I am looking to adopt 2 young female dumbo rats (possibly 3, if there is a group that you don't want split up). I'm not too terribly picky about colors or patterns, but I do have a few preferences. My favorite colors are any variations of blue and fawn (just a preference, not a dealbreaker). Strongly prefer black eyes, but ruby is alright too, and possibly pink (no red though). I would like straight/standard coat, not rex.

I am located in Evansville, IN (southern Indiana area) and would prefer someone within a few hours driving distance of me; if you are willing to deliver or meet halfway that is always helpful as well (I'm willing to pay extra for this). I've been in contact with EARPS as well as a local breeder, but still searching for breeders and other rescues who might have what I'm looking for.

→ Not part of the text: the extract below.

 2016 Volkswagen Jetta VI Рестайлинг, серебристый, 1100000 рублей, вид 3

My boyfriend and I will be first time rat owners, but we've been prepping accordingly! I've purchased and painted a DCN for them, as well as lots of toys and other supplies. I've also researched to make sure that they would be a good fit for our lifestyle, as well as their potential health issues, diet, temperament, etc. I'm always happy to fill out an application or answer questions for breeders who require that (and I love sending updates and photos as well).

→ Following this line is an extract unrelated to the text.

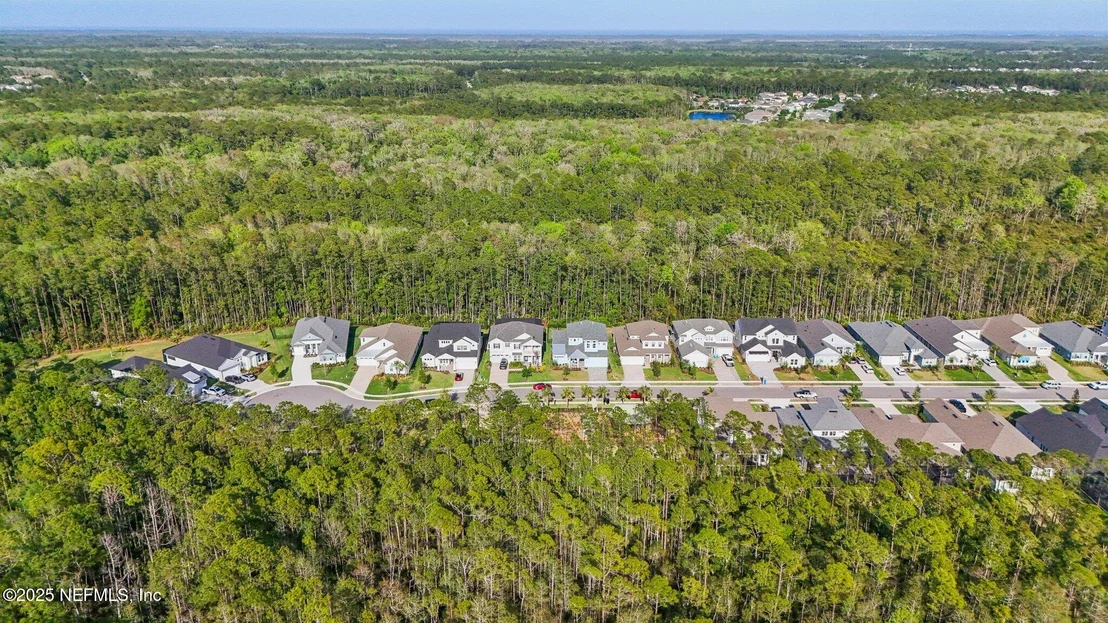 Photo of 716 PALM CREST Drive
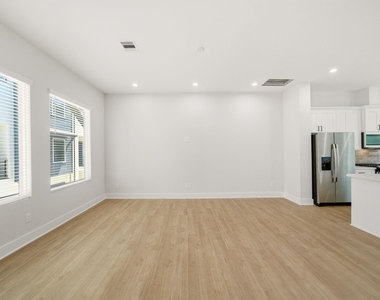 1404 Cedar Post Lane - Photo Thumbnail 16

I'm new to rat ownership, but have owned and do own other exotic pets! I currently have a netherland dwarf rabbit (Lilo), a short-haired syrian hamster (Mango), a roborovski hamster (Lychee), and a winter white/campbell's russian hybrid hamster (Puddi). I have also owned sugar gliders in the past. After owning exotics, I learned the importance of finding a knowledgeable vet who is able to care for these small animals; mine lives nearby and is very experienced with exotics. We had Lilo spayed by him (she's our only bun, but we wanted to spay her so she'd live a longer, happier, healthier life).

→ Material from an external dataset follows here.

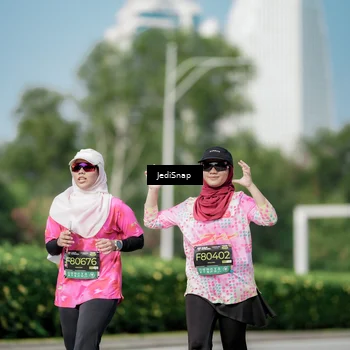Runner Photo 6884580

Even if you don't have any available right this moment, if you are located near me please let me know! I can wait a few months if need be.


----------



## Marie15 (Mar 14, 2014)

I so wish we lived closer so that you could meet Saber - she would absolutely steal your heart! Litter trained and comes to her name, and I really want her to go to a home with rattie companions. If you hear of a rattie train starting in Florida and headed your way, please let her join your family lol!


----------



## Coconutlepers (Oct 26, 2014)

earps.org has a TON of rats for adoption! It's in Brownsburg, IN (but I think most of the rats are in Indianapolis right now, at a pet salon) and they're great people.


----------